DynamoRIO presented by Derek L. Bruening with a whitepaper at 2004 September. It’s a very old project but still maintained and developed. This whitepaper title is “Efficient, Transparent, and Comprehensive Runtime Code Manipulation”. At the beginning of the article they explain their goals and then they explain how DynamoRIO simply works. We need to use this library when writing any client. It contains the main functions that DynamoRIO will run on the client.
How It Works
DynamoRIO interposes itself between an application and the underlying operating system and hardware. It executes a copy of the application’s code out of a code cache to avoid emulation overhead.

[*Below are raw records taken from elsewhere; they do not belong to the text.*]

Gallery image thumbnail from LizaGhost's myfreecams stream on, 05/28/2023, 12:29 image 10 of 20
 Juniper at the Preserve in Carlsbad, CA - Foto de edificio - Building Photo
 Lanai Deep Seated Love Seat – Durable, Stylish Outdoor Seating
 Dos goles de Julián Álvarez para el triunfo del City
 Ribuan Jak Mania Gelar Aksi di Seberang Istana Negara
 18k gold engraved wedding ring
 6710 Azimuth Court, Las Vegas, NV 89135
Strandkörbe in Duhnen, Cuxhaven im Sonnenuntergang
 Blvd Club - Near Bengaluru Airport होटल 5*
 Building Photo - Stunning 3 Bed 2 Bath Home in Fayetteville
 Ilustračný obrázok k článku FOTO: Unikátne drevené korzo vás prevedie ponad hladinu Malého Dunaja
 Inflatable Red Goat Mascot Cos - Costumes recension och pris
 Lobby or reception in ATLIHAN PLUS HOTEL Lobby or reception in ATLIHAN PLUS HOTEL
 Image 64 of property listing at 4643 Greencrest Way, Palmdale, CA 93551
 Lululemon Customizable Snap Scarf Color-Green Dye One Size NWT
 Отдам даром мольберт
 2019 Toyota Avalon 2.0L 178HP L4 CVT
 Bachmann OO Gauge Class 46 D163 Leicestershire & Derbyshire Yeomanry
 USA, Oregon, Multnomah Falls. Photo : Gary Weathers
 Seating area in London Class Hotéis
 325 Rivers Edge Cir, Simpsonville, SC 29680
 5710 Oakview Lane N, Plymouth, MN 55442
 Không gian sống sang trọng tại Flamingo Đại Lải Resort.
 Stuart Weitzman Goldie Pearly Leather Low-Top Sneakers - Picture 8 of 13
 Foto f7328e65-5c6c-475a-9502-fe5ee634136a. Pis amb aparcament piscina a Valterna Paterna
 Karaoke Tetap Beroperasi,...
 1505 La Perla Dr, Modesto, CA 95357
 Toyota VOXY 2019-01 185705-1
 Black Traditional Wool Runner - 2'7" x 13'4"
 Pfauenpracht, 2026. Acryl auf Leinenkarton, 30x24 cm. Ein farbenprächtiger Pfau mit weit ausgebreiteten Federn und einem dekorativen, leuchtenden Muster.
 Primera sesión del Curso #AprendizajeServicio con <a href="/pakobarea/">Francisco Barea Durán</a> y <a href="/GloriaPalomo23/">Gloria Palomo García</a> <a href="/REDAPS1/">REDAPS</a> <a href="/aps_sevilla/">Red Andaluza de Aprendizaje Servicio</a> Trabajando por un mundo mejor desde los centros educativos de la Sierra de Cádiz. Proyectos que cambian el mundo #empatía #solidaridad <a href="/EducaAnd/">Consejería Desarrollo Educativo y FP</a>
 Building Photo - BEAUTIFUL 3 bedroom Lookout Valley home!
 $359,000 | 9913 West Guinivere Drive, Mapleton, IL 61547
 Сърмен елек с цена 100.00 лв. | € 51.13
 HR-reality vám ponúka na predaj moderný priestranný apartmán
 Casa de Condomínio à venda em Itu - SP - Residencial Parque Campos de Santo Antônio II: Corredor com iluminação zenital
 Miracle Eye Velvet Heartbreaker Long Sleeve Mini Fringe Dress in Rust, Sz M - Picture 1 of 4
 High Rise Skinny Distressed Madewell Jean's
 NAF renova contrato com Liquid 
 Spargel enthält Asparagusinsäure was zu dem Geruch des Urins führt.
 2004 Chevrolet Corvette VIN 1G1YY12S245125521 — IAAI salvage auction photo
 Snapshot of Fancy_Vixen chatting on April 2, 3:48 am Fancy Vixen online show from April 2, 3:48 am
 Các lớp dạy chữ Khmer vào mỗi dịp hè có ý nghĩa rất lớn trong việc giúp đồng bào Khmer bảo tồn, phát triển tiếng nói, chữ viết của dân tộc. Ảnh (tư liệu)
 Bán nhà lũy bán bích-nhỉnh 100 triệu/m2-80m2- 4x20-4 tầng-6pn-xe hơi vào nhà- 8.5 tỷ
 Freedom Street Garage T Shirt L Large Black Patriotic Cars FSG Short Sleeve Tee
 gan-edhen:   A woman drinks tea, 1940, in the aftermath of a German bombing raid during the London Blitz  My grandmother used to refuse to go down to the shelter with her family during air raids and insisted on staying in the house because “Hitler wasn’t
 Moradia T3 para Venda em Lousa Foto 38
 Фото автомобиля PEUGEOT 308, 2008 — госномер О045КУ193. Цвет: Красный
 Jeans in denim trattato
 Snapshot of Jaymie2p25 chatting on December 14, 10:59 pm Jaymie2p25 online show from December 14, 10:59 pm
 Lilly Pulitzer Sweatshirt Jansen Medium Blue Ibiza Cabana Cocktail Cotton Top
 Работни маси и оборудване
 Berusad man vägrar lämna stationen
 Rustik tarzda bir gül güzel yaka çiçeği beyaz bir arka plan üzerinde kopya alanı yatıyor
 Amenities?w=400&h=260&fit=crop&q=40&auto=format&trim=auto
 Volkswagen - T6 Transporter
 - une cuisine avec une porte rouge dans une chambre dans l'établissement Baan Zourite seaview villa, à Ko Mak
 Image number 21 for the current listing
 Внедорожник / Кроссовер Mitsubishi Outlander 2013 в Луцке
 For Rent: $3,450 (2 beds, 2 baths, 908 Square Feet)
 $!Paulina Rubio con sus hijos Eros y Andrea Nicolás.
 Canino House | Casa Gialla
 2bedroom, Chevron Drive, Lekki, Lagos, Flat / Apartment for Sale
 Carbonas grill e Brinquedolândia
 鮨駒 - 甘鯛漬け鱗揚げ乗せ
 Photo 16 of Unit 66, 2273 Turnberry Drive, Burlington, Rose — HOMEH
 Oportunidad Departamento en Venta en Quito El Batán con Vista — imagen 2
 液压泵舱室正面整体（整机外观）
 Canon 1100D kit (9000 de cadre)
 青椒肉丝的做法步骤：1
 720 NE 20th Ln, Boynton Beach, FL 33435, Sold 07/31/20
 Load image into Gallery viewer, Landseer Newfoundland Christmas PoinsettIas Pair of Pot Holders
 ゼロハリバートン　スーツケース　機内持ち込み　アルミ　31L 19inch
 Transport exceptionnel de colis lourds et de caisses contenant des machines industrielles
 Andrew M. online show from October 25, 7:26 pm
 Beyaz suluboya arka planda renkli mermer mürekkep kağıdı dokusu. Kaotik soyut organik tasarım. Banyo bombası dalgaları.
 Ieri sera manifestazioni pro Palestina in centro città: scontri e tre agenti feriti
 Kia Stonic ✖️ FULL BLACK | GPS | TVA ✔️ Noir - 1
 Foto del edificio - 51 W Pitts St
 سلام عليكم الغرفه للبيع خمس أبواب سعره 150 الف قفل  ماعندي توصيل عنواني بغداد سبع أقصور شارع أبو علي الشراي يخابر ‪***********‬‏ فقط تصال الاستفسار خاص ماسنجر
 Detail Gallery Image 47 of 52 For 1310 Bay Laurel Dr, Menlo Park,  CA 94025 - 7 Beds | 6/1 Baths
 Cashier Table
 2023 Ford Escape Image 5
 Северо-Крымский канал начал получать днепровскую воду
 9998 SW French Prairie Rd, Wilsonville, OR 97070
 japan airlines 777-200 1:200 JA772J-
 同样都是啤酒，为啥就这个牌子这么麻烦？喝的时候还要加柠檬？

We will do all of our work in the Code Cache section. Therefore, that is the point I want to specifically mention. With the “Code Cache” technology specially designed in DynamoRIO, we can monitor and modify each instruction before it runs. DynamoRIO creates a special section called Code Cache. DynamoRIO has got full authority over this section.
The code cache enables native execution to replace emulation, bringing performance down from a several hundred times slowdown for pure emulation to an order of magnitude.
Instrumented application’s instructions is keep in Code Cache as “basic block”.
In fact, every structure in DynamoRIO is very detailed. But I want to go directly to the application part without explaining the details too much.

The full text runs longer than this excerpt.